L’activité physique : progresser avec prudence, sans rechute
En parallèle de l’accompagnement nutritionnel, les patients ont bénéficié d’un programme de rééducation personnalisé. Étant donné que l’effort physique peut fréquemment entraîner une exacerbation des symptômes chez les patients atteints de COVID long, l’accent a été mis sur une reprise progressive de l’activité, assortie de stratégies de préservation de l’énergie. L’objectif était de permettre aux patients de tendre vers un mode de vie plus actif sans aggraver leurs symptômes. Ce programme adapté a été développé par le professeur David Beckwée (VUB) et le docteur Stijn Roggeman.
Au début du parcours, la condition physique du groupe étudié se révélait nettement inférieure à celle de la population générale. Le test assis-debout d’une minute, ainsi que d’autres épreuves fonctionnelles, ont confirmé une réduction marquée de la force musculaire et de la capacité à l’effort.
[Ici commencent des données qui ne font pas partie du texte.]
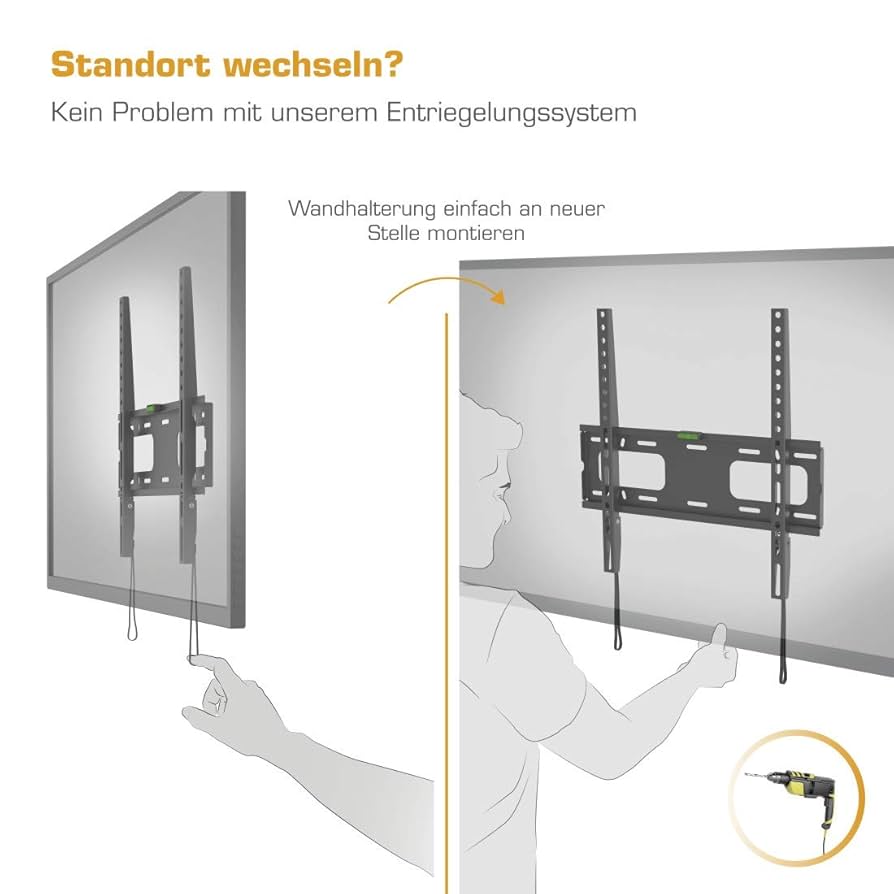 Flashstar TV Wandhalterung Neigbar Für 32-65" Fernseher - Bis VESA 400x400, Trägt Bis 60 Kg, Inkl. Wasserwaage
Des résultats encourageants
Après douze semaines, tant le groupe de référence que le groupe d’intervention ont présenté une amélioration, l’écart entre les deux groupes continuant à s’accentuer après la fin de l’intervention. Cette évolution est principalement attribuable à des progrès plus importants au sein du groupe d’intervention. Pour la professeure De Waele, ces résultats sont significatifs :
« Le programme de traitement personnalisé s’est révélé faisable dans la population atteinte de COVID long. En tant qu’étude pilote, UNLOCK ne permet pas de conclure à une guérison effective, mais les résultats sont prometteurs et renforcent la nécessité de poursuivre les recherches sur une approche multidisciplinaire du COVID long, assortie d’un suivi à plus long terme. »
La professeure De Waele souligne également que des ajustements relativement modestes peuvent déjà produire des effets perceptibles :
« Il n’existe à ce jour aucun traitement médicamenteux curatif du COVID long. En revanche, veiller à ce que les patients couvrent leurs besoins nutritionnels de base relève de notre expertise et peut être mis en œuvre rapidement. Cela pourrait déjà contribuer à atténuer cette fatigue accablante. Nous n’en sommes pas encore au terme, et cette approche ne constituera sans doute pas une solution universelle, mais les connaissances nouvellement acquises sont essentielles. »
Une affection invisible appelle des soins visibles
Le projet UNLOCK démontre non seulement la faisabilité d’une prise en charge intégrée, mais également son caractère indispensable. La combinaison d’un accompagnement nutritionnel et d’une rééducation fonctionnelle permet de rendre plus perceptible, tant pour les soignants que pour les patients eux-mêmes, la dysrégulation physiologique sous-jacente jusque-là largement invisible.
Par leurs travaux, Mme Jimenez Garcia et la professeure De Waele franchissent une étape importante vers une meilleure reconnaissance du COVID long. Leurs résultats montrent que le rétablissement repose sur une prise en charge individualisée, un accompagnement multidisciplinaire et une attention soutenue portée à la situation singulière de chaque patient. Le COVID long ne saurait être considéré comme une simple séquelle post-virale, mais bien comme une dysrégulation prolongée nécessitant une attention continue, des recherches approfondies et des soins spécialisés.